━━━━━ Material shown

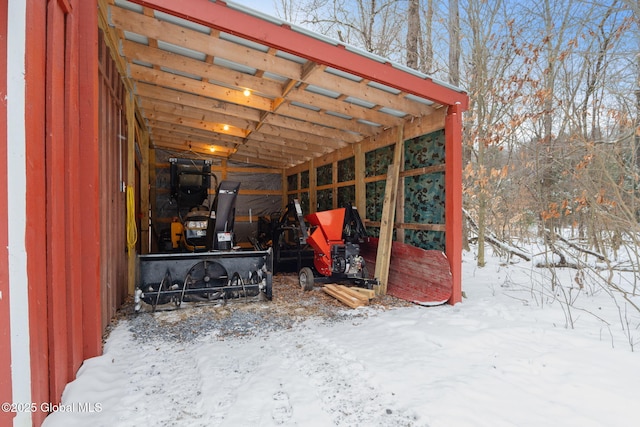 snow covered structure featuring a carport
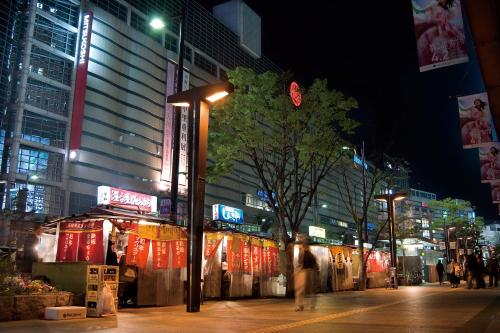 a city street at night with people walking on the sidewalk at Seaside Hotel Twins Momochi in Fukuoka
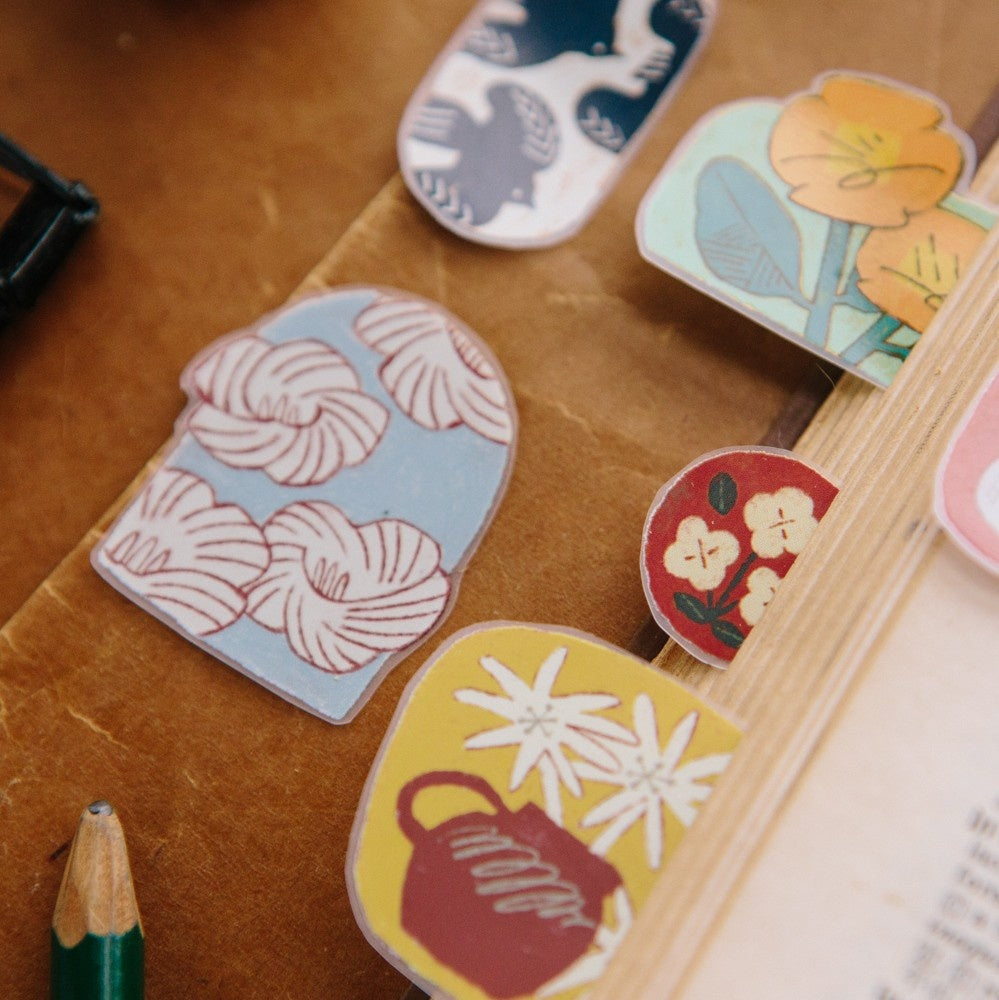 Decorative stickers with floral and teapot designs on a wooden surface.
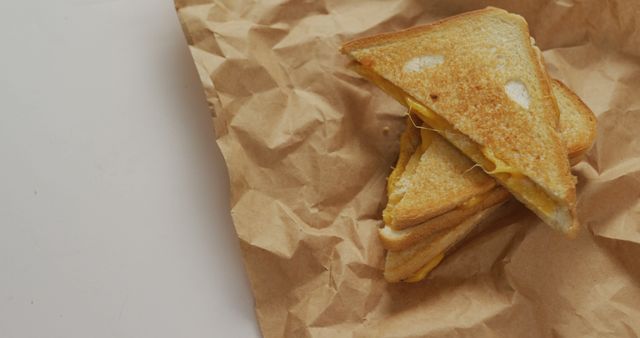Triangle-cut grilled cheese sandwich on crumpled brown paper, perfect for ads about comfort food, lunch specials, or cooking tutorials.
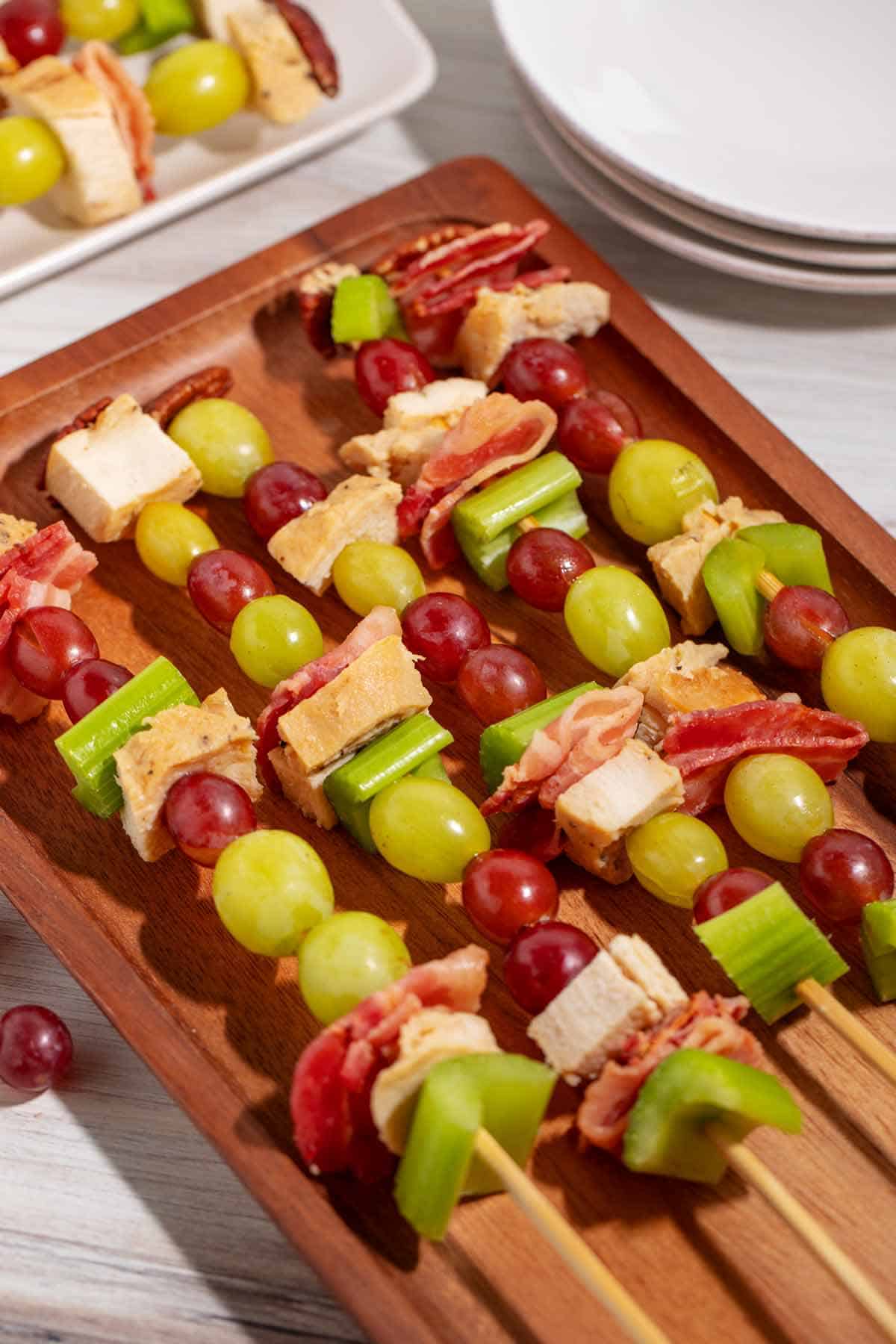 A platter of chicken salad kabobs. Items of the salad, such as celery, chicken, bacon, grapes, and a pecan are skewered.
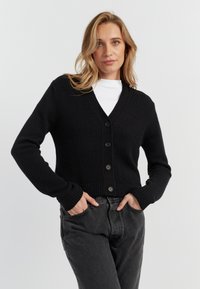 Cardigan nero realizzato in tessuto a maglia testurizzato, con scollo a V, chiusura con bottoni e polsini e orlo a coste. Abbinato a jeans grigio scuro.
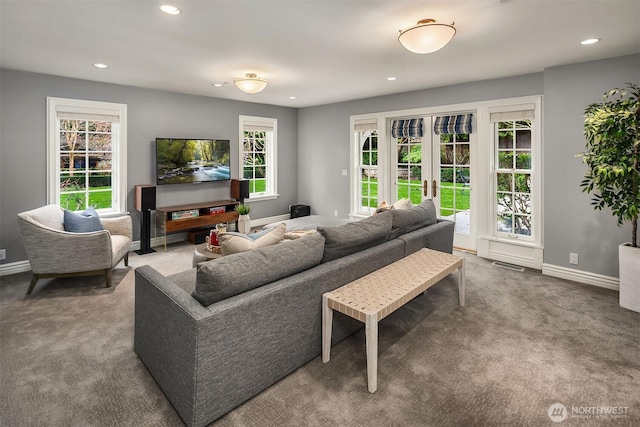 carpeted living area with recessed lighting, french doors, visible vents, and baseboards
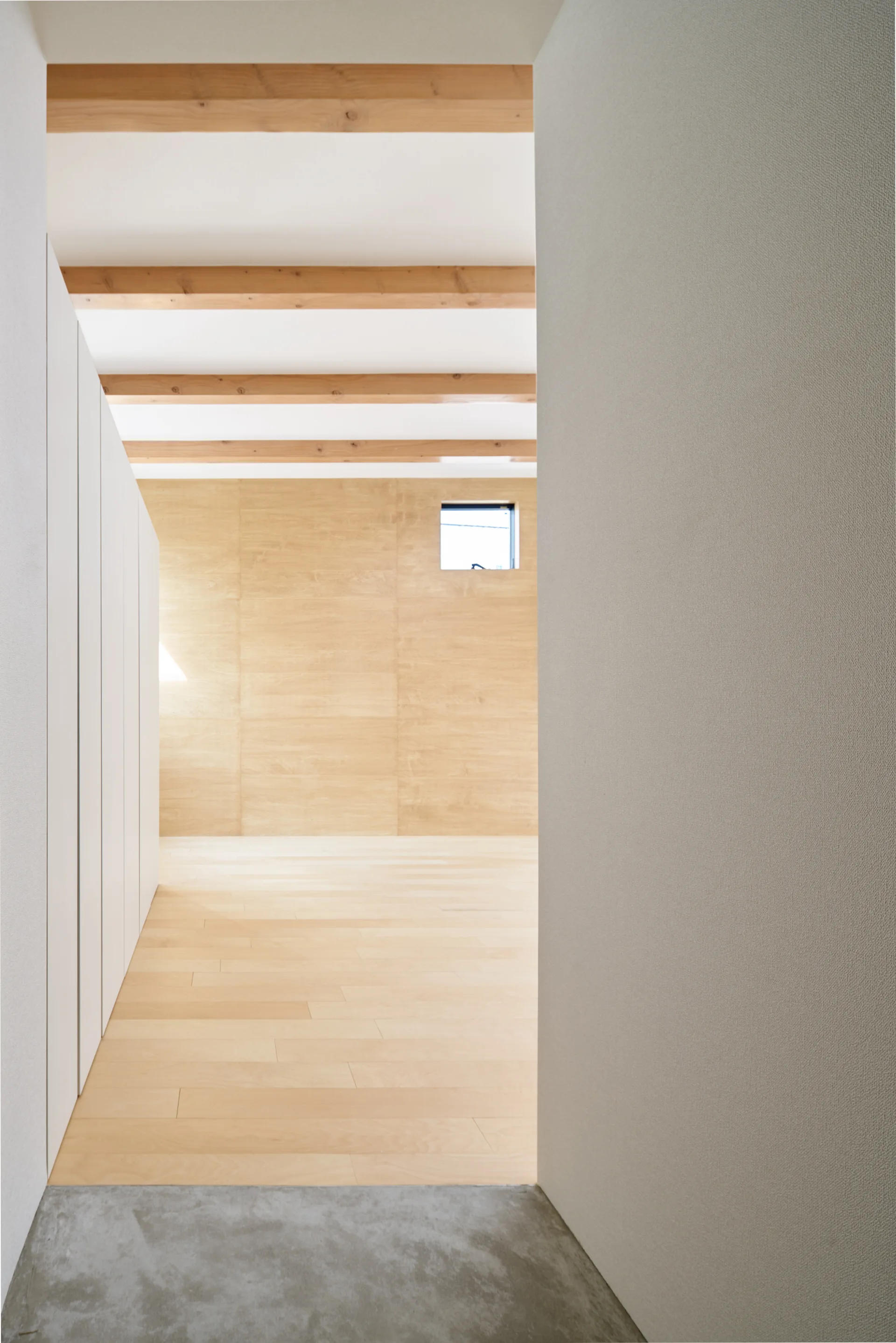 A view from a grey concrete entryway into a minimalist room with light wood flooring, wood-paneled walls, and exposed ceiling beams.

━━━━━━━━━━
━━━━━ Material shown

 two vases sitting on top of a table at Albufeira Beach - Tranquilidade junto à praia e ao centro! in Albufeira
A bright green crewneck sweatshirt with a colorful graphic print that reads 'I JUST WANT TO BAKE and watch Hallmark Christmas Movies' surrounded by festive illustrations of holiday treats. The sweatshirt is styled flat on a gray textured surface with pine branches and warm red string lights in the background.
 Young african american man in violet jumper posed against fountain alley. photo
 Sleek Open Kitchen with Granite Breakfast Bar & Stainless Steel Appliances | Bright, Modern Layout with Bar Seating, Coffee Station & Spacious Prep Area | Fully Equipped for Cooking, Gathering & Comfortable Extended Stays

━━━━━━━━━━
━━━━━ Material shown

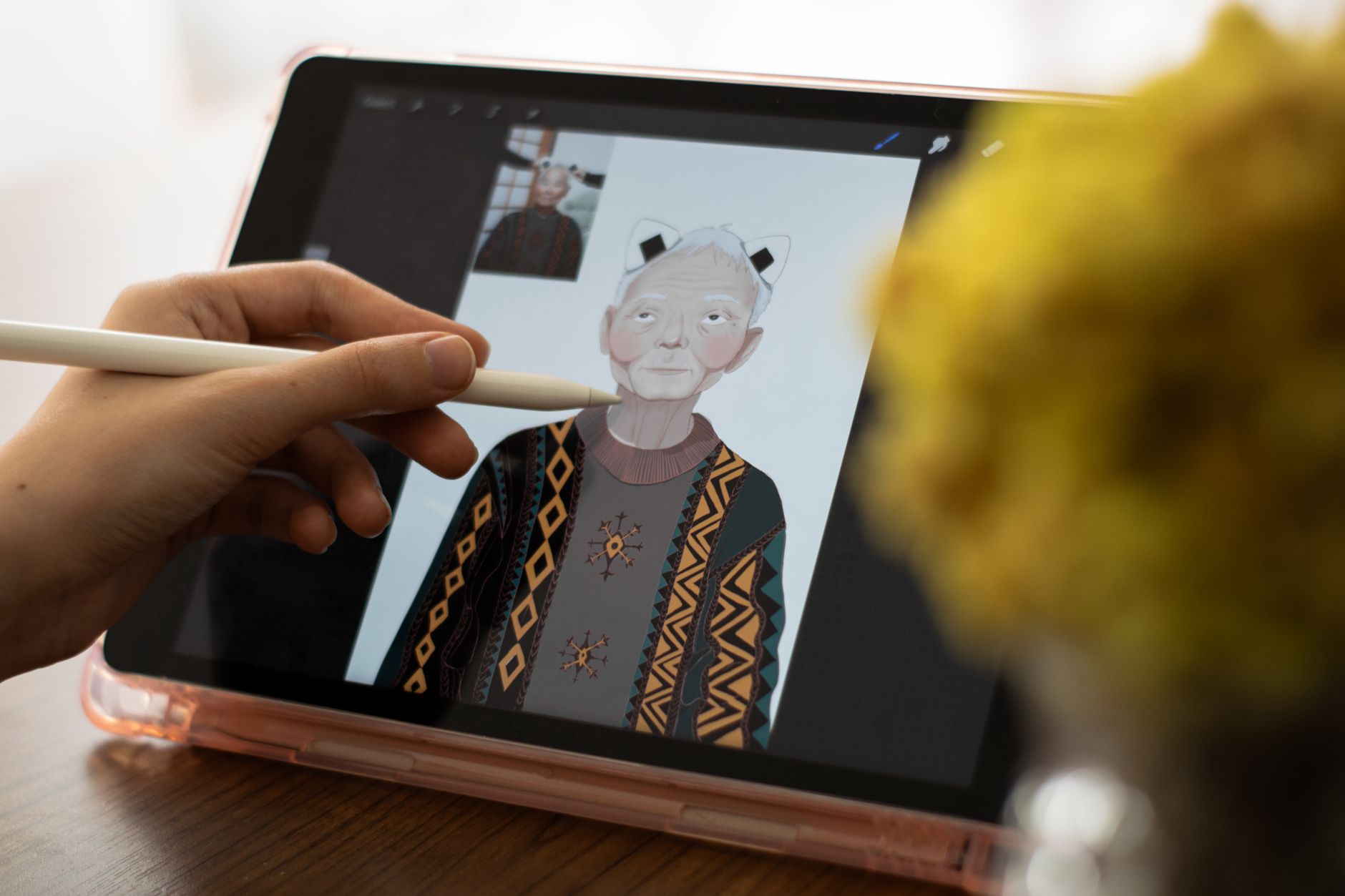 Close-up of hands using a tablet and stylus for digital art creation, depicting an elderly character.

━━━━━━━━━━

Output only the stretch above from the line with "Cardigan nero realizzato" through the line with "A view from", reproduced exactly. Exclude pictures.

Result of this task:
 Cardigan nero realizzato in tessuto a maglia testurizzato, con scollo a V, chiusura con bottoni e polsini e orlo a coste. Abbinato a jeans grigio scuro.
 carpeted living area with recessed lighting, french doors, visible vents, and baseboards
 A view from a grey concrete entryway into a minimalist room with light wood flooring, wood-paneled walls, and exposed ceiling beams.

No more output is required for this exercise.